MARSHALL: “Yes, because Etta was - and still is - undoubtedly a brilliant artist, we enticed her over to Chess… And we of course we ended up having hit after hit! You know, once we created the formula of recording her with violins and a symphony orchestra for such standards as ‘At Last’, things broke wide open for both her and Chess. And as a person, Etta was very close to my family - especially my father. But, though he had a great rapport with her, when he’d produce her in the studio they’d be ROUGH on each other! He’d push her until she’d cry; he’d rip up her contract... Anything to get that EMOTION out of her! You know, my dad knew how to get emotion out of a singer just like Alfred Hitchcock knew how to get emotion out of an actor!”

PETE: Etta James’s success also spearheaded Chess’ move into soul music in the Sixties, via such legendary acts as The Dells, Fontella Bass, Billy Stewart, Mitty Collier…

MARSHALL: “Well, like I said, we were in the black record BUSINESS. We’d started in the Fifties with the blues, but then we became very aware that the market was CHANGING. You know, blues morphed into soul music, into R&B… And then Motown exploded with a whole OTHER sound. So yeah, we were riding the WAVE! Because both us and our artists wanted SUCCESS! Again, like I said, for us it wasn’t just trying to make great records for ART’S sake. It was about trying to make great record for BUSINESS’ sake! Because what the artists and my family learnt very early, was that the greatest music made the most MONEY! Which is why Chess had so many rare and unissued tracks. We RECORDED a lot, but only put out what we thought was GREAT.”

PETE: A major force behind Chess’ success with soul music was producer and song writer Billy Davis.
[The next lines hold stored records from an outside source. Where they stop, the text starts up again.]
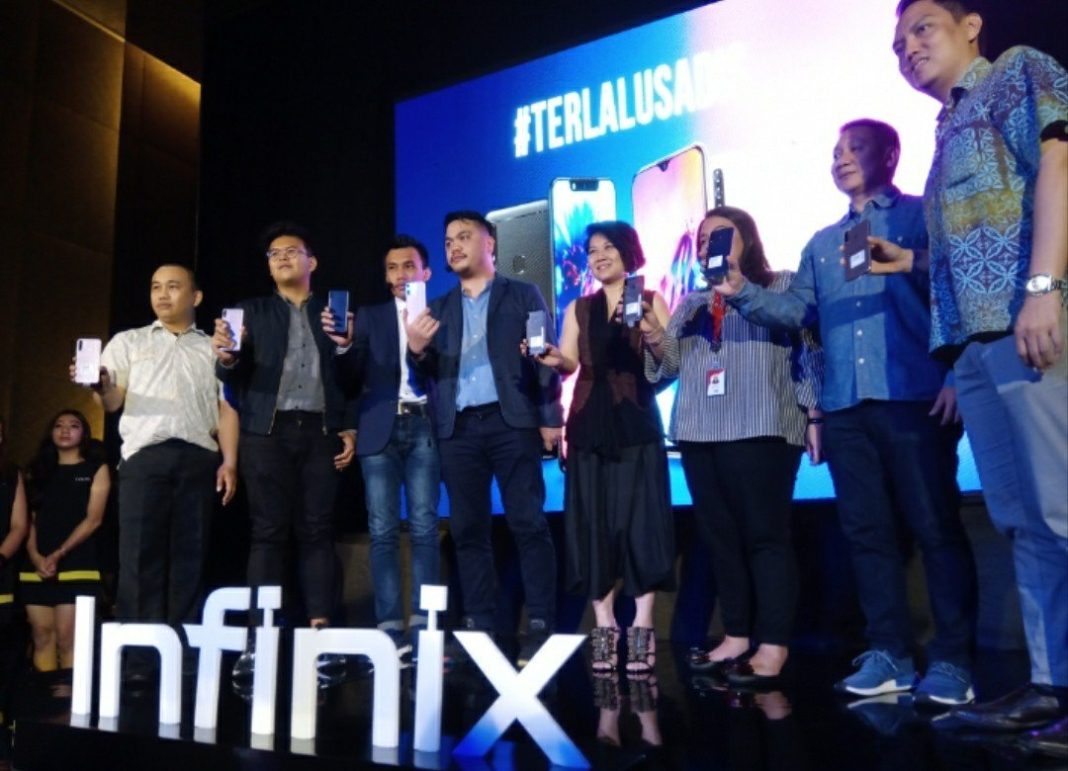 Tim Infinix dan partner memegang duo smartphone baru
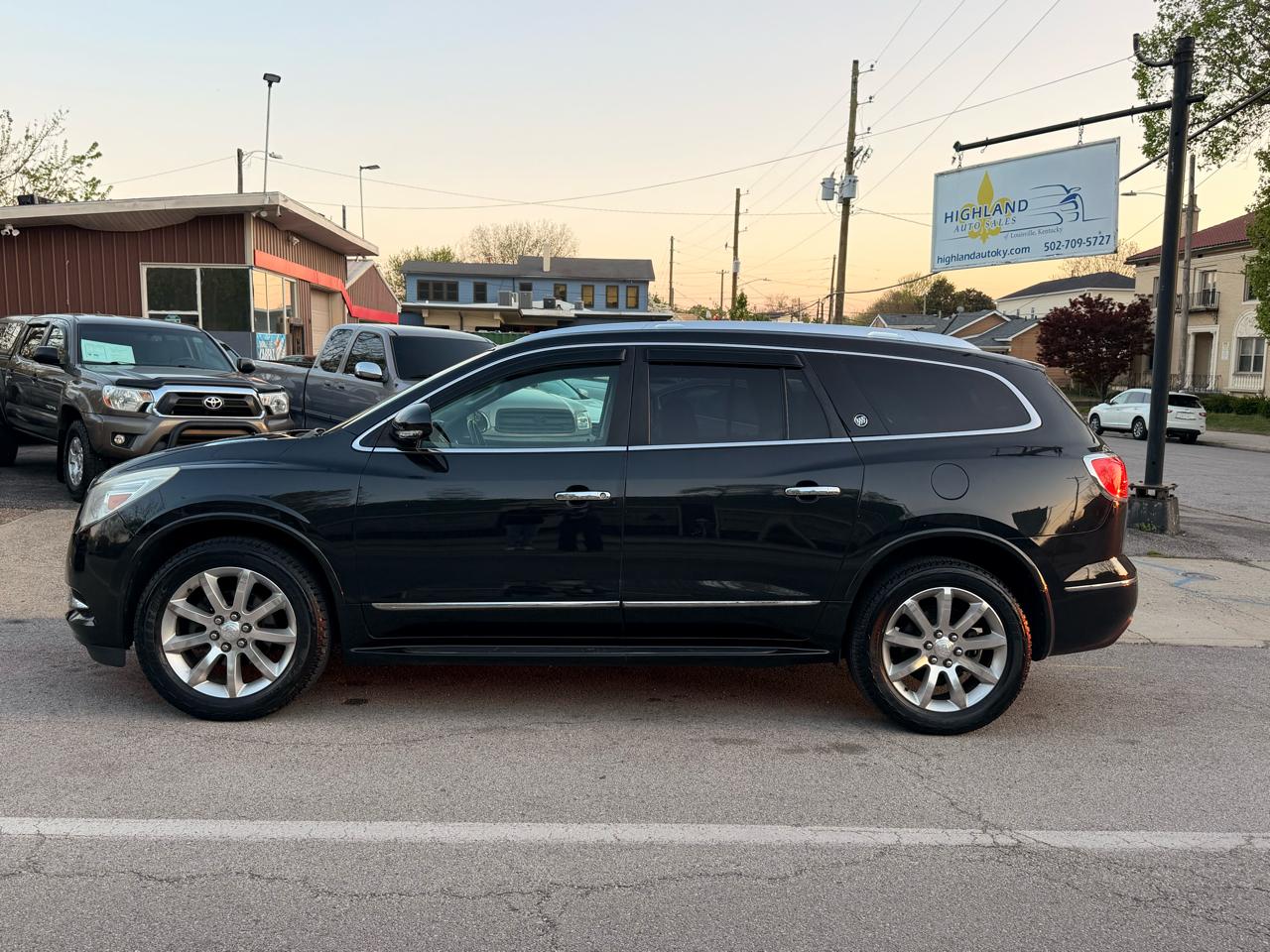 Buick Enclave Premium FWD 2013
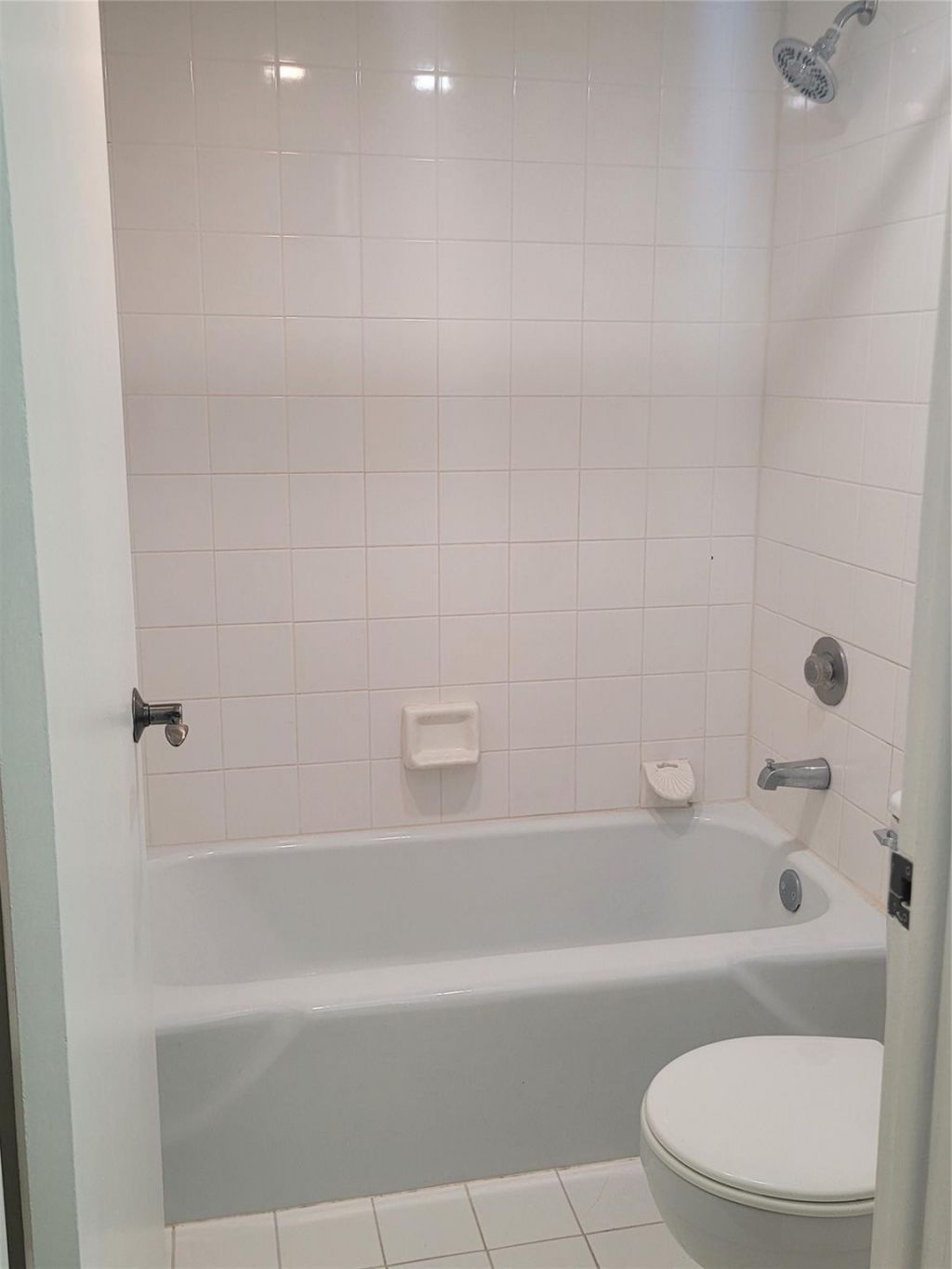 3650 Inverrary Drive, Unit 1u, Lauderhill, FL 33319 Photo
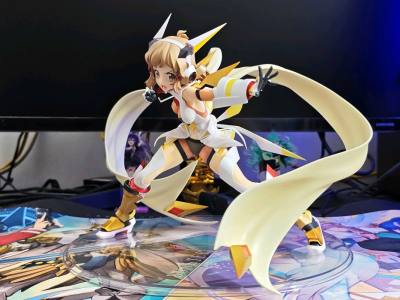 这一次买的手办挺大盒的，走Ems价格比较贵，而且关税也比较多，所以这次选择试试竹蜻蜓路线，感觉上还可以，虽然和EMS比还是差了些，但确实便宜一些。还有就是响爷真的帅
Who, having previously written in Detroit with then-future Motown Records’ boss Berry Gordy, worked for Chess from 1960 to 1968…

MARSHALL: “Yes, Billy Davis made a BIG difference to the Sixties era of Chess. And what a lot of people don’t know, is that both Billy and Berry Gordy first came to Chess with a label called Anna Records - which was named after Berry’s sister Anna Gordy. And the first Miracles’ record - ‘Bad Girl’ - did actually come out on Chess! But then, when Berry decided to found Motown and went back to Detroit, we enticed Billy to STAY! Because we knew that this R&B/soul thing was taking over and replacing the blues - and that Billy was a great PRODUCER! So Billy stayed with Chess, and of course ended up having SO much influence - with hits like Fontella Bass’ ‘Rescue Me’ (a 1965 transatlantic pop and R&B smash) to Mitty Collier’s ‘I Had A Talk With My Man Last Night’.. You know, one after the OTHER!... I mean, Chess in general during that time had some really great soul acts - from people like Sugar Pie DeSanto and Billy Stewart right up to groups like The Dells, who for that sound became our flagship act in the late Sixties when we paired them up with our great arranger Charles Stepney.”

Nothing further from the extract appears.